Rima October 28, 2013 at 18:09 Thank u :)
October 27, 2013 at 02:42
Did anyone write any book about 1 direction?
October 27, 2013 at 02:41
its cool and interesting
Rima October 5, 2013 at 07:09 Thank you :)
September 29, 2013 at 15:54
I like the narrative style but the nautical vocabulary could be beefed up a bit for clarity. Early on in the narrative involving the dart game and the slip and fall the use of the word "hall", an architectural feature for the nautical term "passage way" left me wondering for more than half a page whether the reader was looking in on a club scene ashore or a ship's lounge scene. The narrative need not sound like it was written by a professional mariner. But correct usage of the more common nautical terms early in a shipboard scene helps set the stage without having to use a lot of language to describe the stage.
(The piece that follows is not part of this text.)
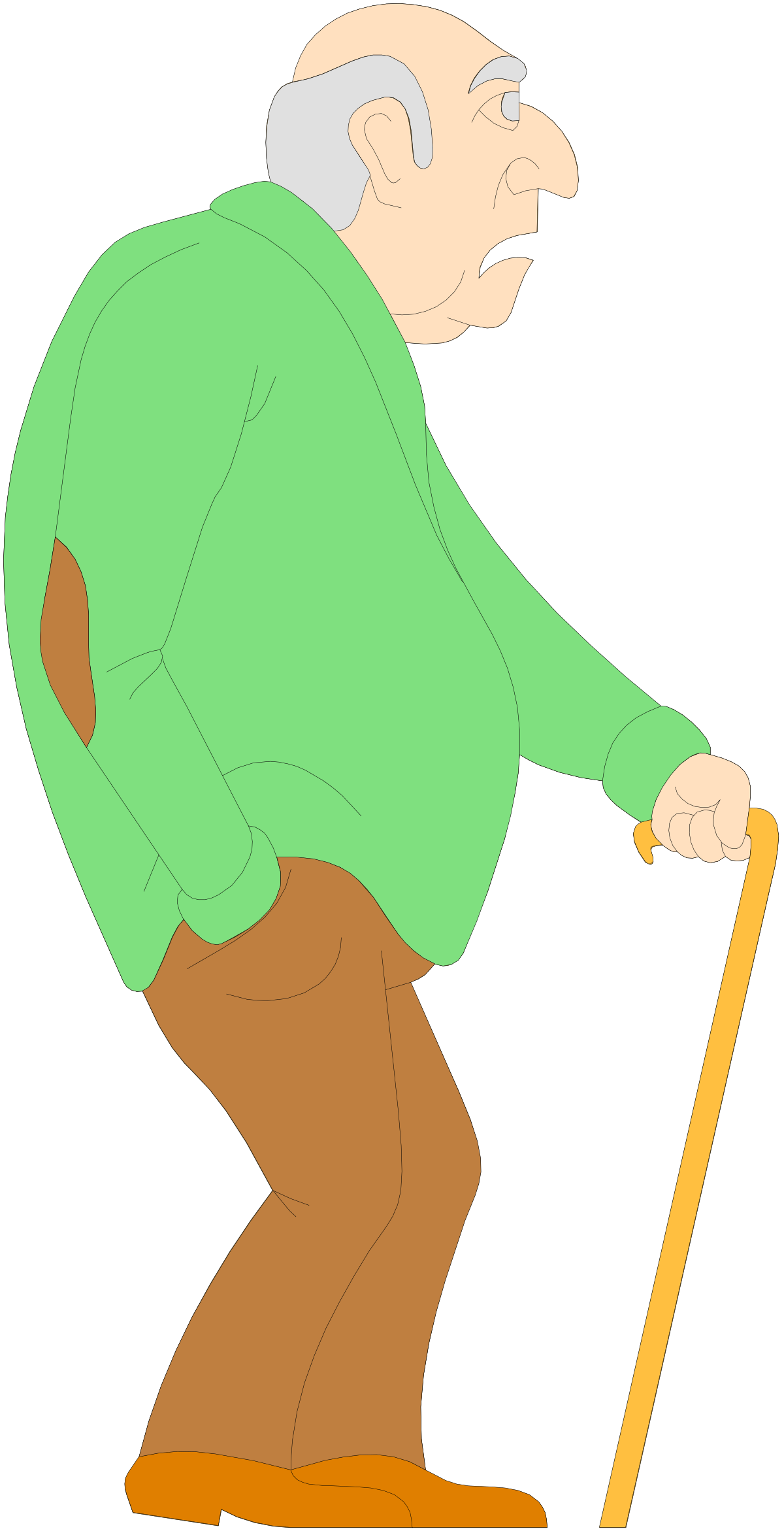 Old Man with Cane Clipart for Life and Wisdom Themes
If you like writing stories in a maritime setting you might want to look at THE AMERICAN ADMIRALTY BUREAU'S GUIDE TO MARINE TERMINOLOGY AND NOMENCLATURE ISBN 10-1879778378 or ISBN 13-978-1879778375. It is not an easy book to find on a library loan since it was originally published for a continuing legal education course taught to admiralty lawyers. But at only 70 pages and told in a breezy historical narrative style its a lot more fun to read than any of the nautical dictionaries or encyclopedias on the market. Don't look for it at Amazon ($79 ) or Barnes and Noble ($149 ). The book is available on a print on demand basis for probably under $40 at Marine Education Text Books http://www.marineeducationtextbooks.com/contact.html You'll probably have to phone them, I didn't see their print on demand selections on their On Line offerings but I know they sell the entire line of American Admiralty Bureau publications as print on demand at very reasonable prices for "technical books". Just a thought I had as I read through. Floors = deck, walls =Bulkheads, Bow =front of the vessel, stern=back. Most readers understand these terms without being commercial mariners. Some times I was missing the point of the narrative because I wasn't being signaled clearly that the action was happening on board a ship. "Signaled" I think is the key idea I'm trying to get across. A little more use of the more commonly understood nautical terminology and the reader is quickly signaled something important about location and surroundings without having to write a lot of prose setting the scene.